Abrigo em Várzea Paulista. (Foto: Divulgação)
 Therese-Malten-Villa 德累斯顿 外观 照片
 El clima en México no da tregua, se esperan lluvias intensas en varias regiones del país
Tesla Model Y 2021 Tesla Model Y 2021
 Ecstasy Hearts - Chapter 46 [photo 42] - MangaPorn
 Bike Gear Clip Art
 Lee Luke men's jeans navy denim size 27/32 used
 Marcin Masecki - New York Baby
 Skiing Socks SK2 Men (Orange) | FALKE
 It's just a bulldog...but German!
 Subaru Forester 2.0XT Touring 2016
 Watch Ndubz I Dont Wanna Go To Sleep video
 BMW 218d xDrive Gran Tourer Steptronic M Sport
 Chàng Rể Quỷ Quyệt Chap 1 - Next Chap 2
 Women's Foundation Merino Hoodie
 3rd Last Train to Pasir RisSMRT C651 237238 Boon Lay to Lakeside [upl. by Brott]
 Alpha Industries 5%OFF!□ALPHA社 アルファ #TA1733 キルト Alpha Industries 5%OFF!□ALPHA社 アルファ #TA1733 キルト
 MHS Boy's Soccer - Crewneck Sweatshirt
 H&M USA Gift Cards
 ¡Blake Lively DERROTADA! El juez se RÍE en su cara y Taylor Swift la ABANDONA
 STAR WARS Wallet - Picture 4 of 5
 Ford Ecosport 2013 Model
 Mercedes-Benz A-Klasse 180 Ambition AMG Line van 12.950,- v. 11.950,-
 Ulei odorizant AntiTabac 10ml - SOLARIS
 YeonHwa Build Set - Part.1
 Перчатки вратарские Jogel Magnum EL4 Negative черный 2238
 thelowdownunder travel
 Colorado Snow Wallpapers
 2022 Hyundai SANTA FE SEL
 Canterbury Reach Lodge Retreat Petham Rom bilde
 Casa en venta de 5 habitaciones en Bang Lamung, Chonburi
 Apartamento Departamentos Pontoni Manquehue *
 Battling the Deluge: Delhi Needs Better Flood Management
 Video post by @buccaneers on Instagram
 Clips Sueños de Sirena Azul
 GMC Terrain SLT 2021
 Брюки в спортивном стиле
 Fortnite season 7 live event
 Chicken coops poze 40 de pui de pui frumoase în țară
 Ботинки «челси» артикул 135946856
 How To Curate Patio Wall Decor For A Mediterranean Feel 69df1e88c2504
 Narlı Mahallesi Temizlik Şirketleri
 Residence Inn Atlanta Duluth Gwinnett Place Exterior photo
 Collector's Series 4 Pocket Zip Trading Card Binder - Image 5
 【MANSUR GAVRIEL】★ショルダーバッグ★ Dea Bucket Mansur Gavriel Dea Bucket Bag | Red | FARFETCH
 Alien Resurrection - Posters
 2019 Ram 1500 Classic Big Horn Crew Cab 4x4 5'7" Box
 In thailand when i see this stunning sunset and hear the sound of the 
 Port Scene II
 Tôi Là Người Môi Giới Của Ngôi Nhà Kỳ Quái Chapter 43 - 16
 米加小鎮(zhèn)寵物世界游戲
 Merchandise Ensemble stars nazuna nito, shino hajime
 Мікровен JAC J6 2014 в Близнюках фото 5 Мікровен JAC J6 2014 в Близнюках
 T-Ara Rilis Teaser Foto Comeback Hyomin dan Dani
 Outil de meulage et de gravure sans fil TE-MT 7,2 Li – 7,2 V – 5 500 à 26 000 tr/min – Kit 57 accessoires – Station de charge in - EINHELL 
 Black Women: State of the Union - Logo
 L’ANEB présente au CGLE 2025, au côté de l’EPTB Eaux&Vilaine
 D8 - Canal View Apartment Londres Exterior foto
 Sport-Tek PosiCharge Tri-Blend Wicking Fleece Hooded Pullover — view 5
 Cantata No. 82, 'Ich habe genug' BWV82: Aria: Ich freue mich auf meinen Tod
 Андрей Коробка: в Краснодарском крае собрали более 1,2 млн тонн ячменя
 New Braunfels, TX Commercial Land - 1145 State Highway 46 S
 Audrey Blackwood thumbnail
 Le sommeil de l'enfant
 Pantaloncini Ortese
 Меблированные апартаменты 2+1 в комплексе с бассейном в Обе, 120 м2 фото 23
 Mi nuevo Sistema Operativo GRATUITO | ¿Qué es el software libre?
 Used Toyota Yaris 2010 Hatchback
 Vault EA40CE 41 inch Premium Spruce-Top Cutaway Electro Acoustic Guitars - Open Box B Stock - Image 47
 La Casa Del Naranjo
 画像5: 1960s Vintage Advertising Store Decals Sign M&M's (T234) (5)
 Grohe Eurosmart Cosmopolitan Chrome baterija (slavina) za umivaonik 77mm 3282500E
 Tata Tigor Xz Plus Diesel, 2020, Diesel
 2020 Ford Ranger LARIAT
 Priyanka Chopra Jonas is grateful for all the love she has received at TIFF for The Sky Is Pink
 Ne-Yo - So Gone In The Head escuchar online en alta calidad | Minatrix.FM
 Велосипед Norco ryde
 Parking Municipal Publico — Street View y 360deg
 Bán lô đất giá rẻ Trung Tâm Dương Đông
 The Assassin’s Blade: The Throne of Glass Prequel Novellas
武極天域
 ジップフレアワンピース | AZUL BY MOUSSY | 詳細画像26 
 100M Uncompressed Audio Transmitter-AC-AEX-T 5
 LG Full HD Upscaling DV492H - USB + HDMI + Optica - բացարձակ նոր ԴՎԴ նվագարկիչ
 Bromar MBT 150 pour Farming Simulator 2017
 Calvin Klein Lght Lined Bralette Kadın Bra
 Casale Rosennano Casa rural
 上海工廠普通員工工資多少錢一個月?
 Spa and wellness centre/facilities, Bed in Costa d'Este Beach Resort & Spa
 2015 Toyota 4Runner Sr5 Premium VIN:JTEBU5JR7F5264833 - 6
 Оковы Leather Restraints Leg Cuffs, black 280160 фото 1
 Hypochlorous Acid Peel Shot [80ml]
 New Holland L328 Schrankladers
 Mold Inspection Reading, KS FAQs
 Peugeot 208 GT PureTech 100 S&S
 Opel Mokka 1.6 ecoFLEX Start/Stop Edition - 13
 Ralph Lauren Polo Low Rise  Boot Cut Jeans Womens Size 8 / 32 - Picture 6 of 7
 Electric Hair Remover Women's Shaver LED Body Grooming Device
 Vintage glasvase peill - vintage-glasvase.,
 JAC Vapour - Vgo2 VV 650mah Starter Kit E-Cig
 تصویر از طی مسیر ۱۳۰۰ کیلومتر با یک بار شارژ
━━━━
■ Task details ■
Send back an exact copy of only the lines from the line with "MHS Boy's Soccer - Crewneck Sweatshirt" up to and including the line with "Canterbury Reach Lodge" in the data above.

■ Output of the exercise ■
 MHS Boy's Soccer - Crewneck Sweatshirt
 H&M USA Gift Cards
 ¡Blake Lively DERROTADA! El juez se RÍE en su cara y Taylor Swift la ABANDONA
 STAR WARS Wallet - Picture 4 of 5
 Ford Ecosport 2013 Model
 Mercedes-Benz A-Klasse 180 Ambition AMG Line van 12.950,- v. 11.950,-
 Ulei odorizant AntiTabac 10ml - SOLARIS
 YeonHwa Build Set - Part.1
 Перчатки вратарские Jogel Magnum EL4 Negative черный 2238
 thelowdownunder travel
 Colorado Snow Wallpapers
 2022 Hyundai SANTA FE SEL
 Canterbury Reach Lodge Retreat Petham Rom bilde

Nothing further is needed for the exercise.